As a Westerly resident and a career professional in the environmental and solid waste fields, I encourage Westerly to look at the transfer station issue on its merits without the artificial constructs of the Enterprise Fund designation.
I see Westerly as having a high-performing and well-run municipal transfer station supported financially by a pay-as-you-throw (PAYT) bag program. PAYT programs are notable for reducing the total tonnages of trash received and increasing the diversion of recyclable materials. Both of those factors reduce costs compared to flat-rate disposal-fee programs. Westerly’s bag program returns usage-based revenue to the program and also allows for financial support from seasonal residents and vacationers.

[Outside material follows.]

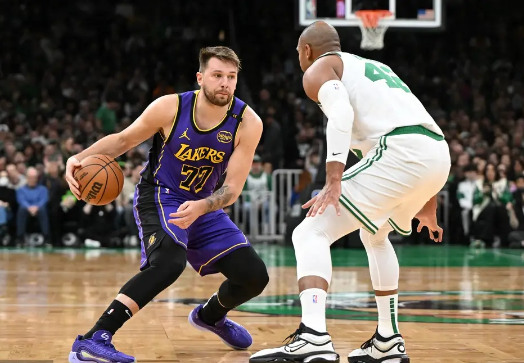 塔图姆40+12+8 詹姆斯伤退 东契奇34分 绿军终结湖人8连胜！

As well, solid waste system costs are highly dependent on external factors like transportation costs, disposal costs, and recycling commodities markets. Raising fees to cover these costs is normal, as is seeking efficiencies to reduce costs. Current costs are covered by a combination of bag fees, tip fees, and general fund monies.
I see the proposal to mitigate general fund costs through flat-rate user fees as an addition to the mil rate by other means. It is also regressive, unlike a mil-rate increase. For these reasons, I feel that the council’s expectation of transfer station self-sufficiency has created an artificial barrier to addressing the entire chain of Westerly’s waste management costs and making effective policy for the long run. Managing solid waste program costs is difficult enough without creating self-imposed hurdles.